Josh Fruhlinger
Contributing Writer

Sun-Oracle is really happening; let the carnage begin?

how-to
Jan 18, 20102 mins

Last month the promised head-on collision between Oracle and the European Commission ended not with a bang, but with a whimper. This means in all likelihood that the EU will give its seal of approval to the Oracle-Sun merger quite soon — perhaps as early as Wednesday, January 20 — and almost certainly by the review deadline of January 27, which means that the merger will finally be complete in February at some point. That means that the Java community will finally get a chance to see what Java’s new corporate parent will look like.

And the first prediction is that it will be smaller — much smaller — with a UBS analyst guessing that almost half of Sun employees will be let go. John Paczkowski over at All Things Digital won’t commit to such terrifying numbers, but he does outline the fact that Oracle is prepared to pull the trigger quickly on its planned layoffs, with VP- and officer-level folks getting a very generous severance, and other people presumably, um, not.

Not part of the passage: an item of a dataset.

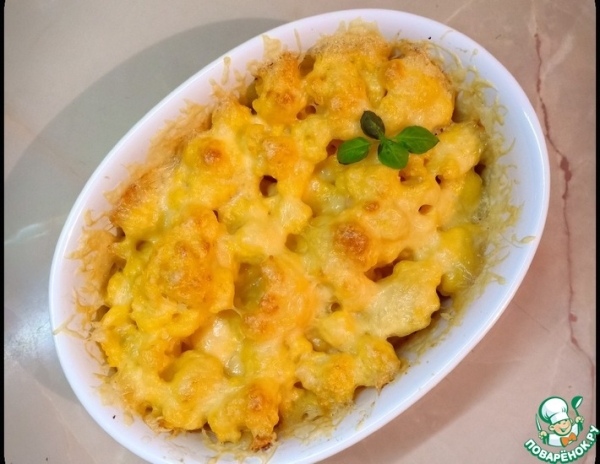 Цветная капуста, запеченная с сыром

The thing that really interests me, obviously, is how many of these cuts will happen in Sun’s various Java divisions. Oracle is very keen on Java, of course — but it’s also keen on making money, something Java hasn’t really done in a direct way for Sun. The cuts will quickly tell the story of how exactly Oracle hopes to use Java as a tool for its profit, and that story should be an interesting one.

Of course, we maybe shouldn’t be counting our chickens just yet; MySQL’s founders are still fighting onto prevent the merger, and, having apparently failed in Europe, are now looking to Russia or China to block the deal.